TIME                PID    E   EVENT  PPID   AID    RUID  RGID
990511 17:15:09     2955   S   45     2954   0      0     3
[ Event=utssys; User=root; Real Grp=Sys Eff Grp=Sys;]
    RETURN_VALUE 1=0;
    PARAM #1 (addr of char) = 2138974192
    PARAM #2 (int) = 0
    PARAM #3 (int) = 0

If this trail seems confusing to you, don't think you're the only one. Information like this is hard to analyze and really just adds work for your systems security officer (if you have one). Systems administrators cannot be bothered with this kind of cryptic information. They need a tool that will provide a high-level abstraction of security-related events. The lack of available software doesn't make things easier for the security conscious.

Secure OS Availability

Looking for a secure operating system? Systems that have been successfully evaluated by the NSA are given a place in the Evaluated Products List:

http://www.radium.ncsc.mil/tpep/epl

Although this list was not up to date at press time, notably missing were the current versions of major UNIX operating systems. Based on initial commercial customer reaction, and various other factors, UNIX vendors have not implemented high levels of security as the default configuration within their operating systems. Instead, most offer security extensions to their base OS, allowing you to choose the appropriate level of security for your systems. Vendors that want to play in the federal market also have comprehensive evaluation programs in place.
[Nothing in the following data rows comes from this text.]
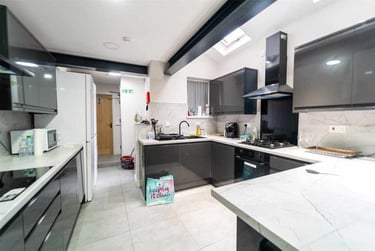 6 bed house, Heeley Road, Selly Park, Birmingham, B296EL - Image 4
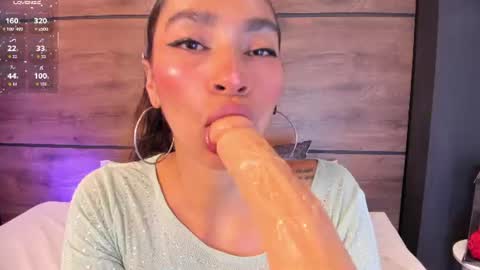 Snapshot of leamonroe__ chatting on 19, 6, 2026 Hey Im Lea online show from 19, 6, 2026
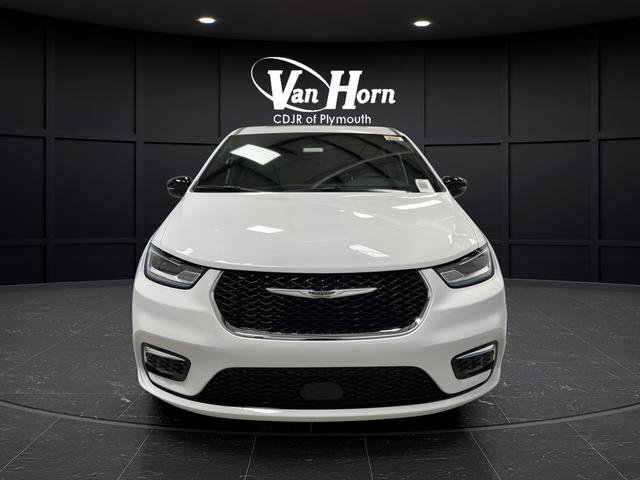 New 2026 Chrysler Pacifica Select image 11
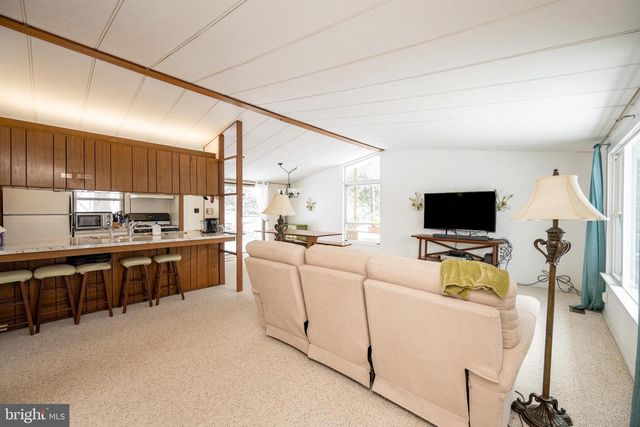 16 LEMLEY, Oakland, MD 21550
In most cases, the operating systems being used on your systems were chosen based on application requirements or other factors. OS security is seldom the primary selection criterion outside the Federal market. Thus, the first choice available to you is to implement whatever security extensions are available from the OS vendors represented in your mix of machines. Essentially, you replace the base OS with the secure version, on a system-by-system basis.

Replacing all of the operating systems running within the company with secure versions may not be a viable solution for everyone. There are alternatives, however, for those looking to enhance the security level of their operating systems, such as using Memco's Security for Open Systems (SeOS). (Memco was recently acquired by Platinum. Details can be found at: http://www.platinum.com.)

SeOS is basically a kernel module, which intercepts systemcalls and determines whether the user generating the systemcall has sufficient privileges to execute it. The beauty of this is that your operating system does not have to provide native support for access control lists; they are added by SeOS. SeOS also tackles the all-powerful root problem. With SeOS, it is no longer necessary to give the root user full control over the system and the information contained within. More details can be found at the vendor's Web site, which also lists an extensive whitepaper:

http://www.memco.com/products/products_f/download/seos_unix.html
Conclusion

TCSEC C2-level security requires extensive auditing and access control. While standard UNIX systems are limited in that respect, third-party products such as SeOS are available to get your security up to par. The administration of a secure operating system, especially when it comes to auditing, still is cumbersome and will require extra effort on your systems administrator's part. Tools for analyzing auditing data are not (yet) widely available, making it a costly affair to keep a security conscious eye on things. The question is: Are you willing to invest now, or pay the price later?